Me plaindre ? Oui peut être. Quoique non en fait, si je me souviens bien, quand j'étais pauvre, je ne rêvais que d'être riche, alors je ne vais pas regretter, ce serait absurde.
Je suis riche, donc je suis un connard, un enfoiré, une raclure. Les gens me détestent parce qu'ils voudraient mon pognon et qu'il leur faut une décennie pour acquérir ce que je gagne en un mois avec les intérêts de mon compte à Lausanne ou chez Rothschild. Au fond, ce sont eux les égoïstes car ce sont eux qui me jugent sur un mode de vie qu'ils n'osent à peine approcher même dans leurs rêves les plus extravagants, ce sont eux les frustrés. Vous trouvez ça cliché ? Mais c'est cliché ! Et que pourrais-je avoir à faire de passer pour un ingrat et luxueux jeune branleur tant que mes liasses de billets de 500 dépassent de mes poches et que je suscite l'intérêt des endroits les plus huppés de Paris ?
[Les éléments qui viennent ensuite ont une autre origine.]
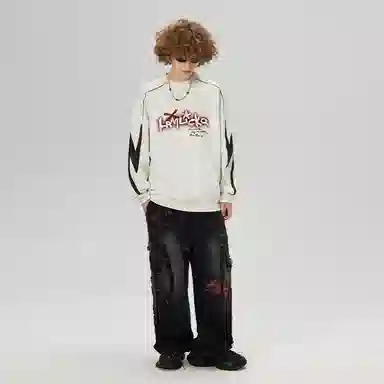 LAMLICKA Washed Patchwork Denim Pants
Hier je suis rentré au milieu de la nuit, franchement saoul et franchement bien accompagné. En croisant un clochard, je lui jette un billet de 100€, le pauvre fou me lance un regard dédaigneux, presque hautain avant de délicatement ramasser le billet pour le mettre dans sa poche. Où est la morale me demanderez-vous, mais très honnêtement, je crois que la réponse n'existe pas. Qu'on passe quelques nuits, seul, dans la rue ou le métro avant de dire que l'argent de fait pas le bonheur. Qu'on ose affronter les maux de ce siècle avant de scander de telles idioties, les brandir comme fer de lance d'un combat perdu d'avance contre cette nouvelle drogue qu'est l'argent.
Non je ne suis pas vraiment riche, je ne suis pas vraiment pauvre non plus, je fais partie de cette population latente qui ne peut qu'espérer atteindre un jour l'épanouissement le plus total au sein de son travail pour pouvoir effleurer du bout des doigts une vie à peu près convenable et décente. Et en tous cas, si l'argent ne fait pas le bonheur, il y contribue énormément.
Voilà, et si j'avais été friqué, j'aurais pu soudoyer le staff de Ladie's Room pour être publié en Une cette fois-ci.